HOUSTON, TX--(Marketwire - July 4, 2008) - Frontera Resources Corporation (London Stock Exchange, AIM Market - Symbol: FRR; OTCQX Market, U.S.A. - Symbol: FRTE), an independent oil and gas exploration and production company, today announced completion of a private placement of $23.5 million principal amount of its 10% Convertible Notes due July 2013 (the "Notes") and the release from escrow of the remaining $5 million in proceeds from its May 2007 private placement of convertible notes.

The resulting $28.5 million in newly available capital will be deployed to continue to advance ongoing work programs throughout Frontera's primary business units within its Block 12 license area in the country of Georgia.
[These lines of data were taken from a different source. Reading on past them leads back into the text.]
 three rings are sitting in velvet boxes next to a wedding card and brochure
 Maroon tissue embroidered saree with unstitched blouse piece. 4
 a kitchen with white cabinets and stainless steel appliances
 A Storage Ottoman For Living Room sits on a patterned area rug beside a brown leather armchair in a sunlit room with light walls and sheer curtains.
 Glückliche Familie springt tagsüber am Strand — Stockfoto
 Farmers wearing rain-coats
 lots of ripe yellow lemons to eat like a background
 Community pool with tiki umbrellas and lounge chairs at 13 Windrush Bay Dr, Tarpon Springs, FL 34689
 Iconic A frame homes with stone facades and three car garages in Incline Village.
Steve C. Nicandros, Chairman and Chief Executive Officer, commented:

"Frontera remains well positioned to continue to advance its focused investment programs amidst a strong commodity price environment. Our encouraging progress from operations throughout our primary business units within Block 12 continues to provide the basis for implementing aggressive work programs that are designed to continue to increase production and to realize the significant value that our historical investment has identified."

SUMMARY OF CONVERTIBLE NOTE FINANCING

   --  The Notes have been privately placed with a number of institutional
       and private investors. The Notes have been admitted to trading on
       the PORTAL system and may be traded on that market by qualified
       institutional buyers as defined under Rule 144A of the U.S.
       Securities Act of 1933. The Notes are not admitted to the AIM
       market of the London Stock Exchange ("AIM") or otherwise listed or
       dealt in on any stock exchange.

   --  The Notes have been issued at par by Frontera and will bear
       interest at 10%, payable quarterly in arrears either in cash or in
       kind at the sole discretion of the Company.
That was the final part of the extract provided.